The Dakota Access Pipeline has been stopped, at least for now. The Standing Rock Sioux Nation and thousands of native and non-native allies won a remarkable and unexpected victory Sunday. Word came down that the U.S. Army Corps of Engineers had denied a permit for the pipeline owner, Energy Transfer Partners, to drill underneath the Missouri River, and that a full environmental-impact study would be launched. Grass-roots organizing, nonviolent direct action and leadership from front-line indigenous people succeeded in stopping the $3.8 billion, 1,200-mile pipeline in its tracks.
As water protectors celebrated in the frozen camps, one question loomed: What will happen when Donald Trump takes over the presidency in six short weeks?

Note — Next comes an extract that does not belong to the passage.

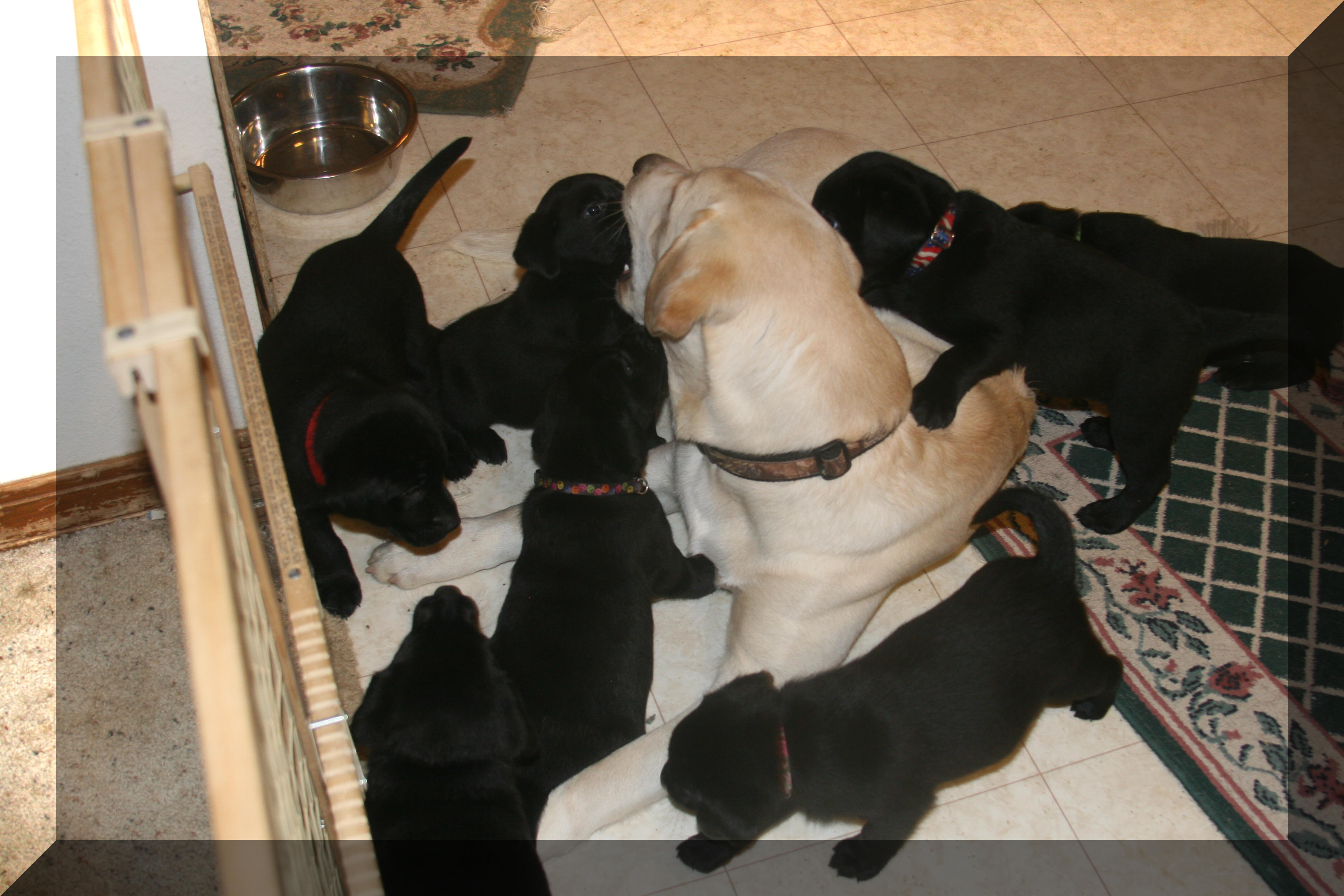 Nanny Blaze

“Finally, for the first time in history, over centuries, somebody is listening to us,” Standing Rock Sioux Tribal Chairman Dave Archambault II told us on Democracy Now! hours after hearing the news. “We’ve been talking about this with the Corps of Engineers for almost two years now, and we’ve been letting them know that we had problems with this pipeline, because it not only threatens our water, it threatens our heritage, it threatens our culture, it threatens our environment.”
Bitter cold weather has descended over the region, making life in the resistance camps even more difficult. Over the long Thanksgiving weekend, Morton County Sheriff Kyle Kirchmeier and his deputies, along with a multijurisdictional array of paramilitarized police and National Guard, unleashed an arsenal of pepper spray, concussion grenades, tear gas, rubber bullets and, in the freezing cold, water cannons.
North Dakota’s outgoing Republican Gov. Jack Dalrymple, along with Sheriff Kirchmeier and Energy Transfer Partners CEO Kelcy Warren, shares responsibility for the unbridled police and private-security-company violence that has rained down upon the pipeline resisters for months. A week before the permit denial, Dalrymple declared a state of emergency, saying, “Winter conditions have the potential to endanger human life.” In response, the Standing Rock Sioux tribe wrote, “The Governor of North Dakota and Sheriff of Morton County are relative newcomers [here]. It is understandable they would be concerned about severe winter weather.” Former Vice President Al Gore, commenting a week later, said the use of water cannons in cold weather was “inhumane,” and called the pipeline itself “an atrocity.”
While Dalrymple threatened to forcibly evict the thousands of peaceful water protectors, troops of a different sort were massing to defend them. U.S. military veterans were responding to a call from tribal elders to come defend the camp. Veterans Stand for Standing Rock were traveling to the camps to form a human shield around the protectors. Over 2,000 veterans made the journey, under the leadership of veteran Wes Clark Jr. If his name sounds familiar, it might be because of his father, Wesley Clark Sr., the retired four-star general who was the Supreme Allied Commander Europe of NATO and later ran for president.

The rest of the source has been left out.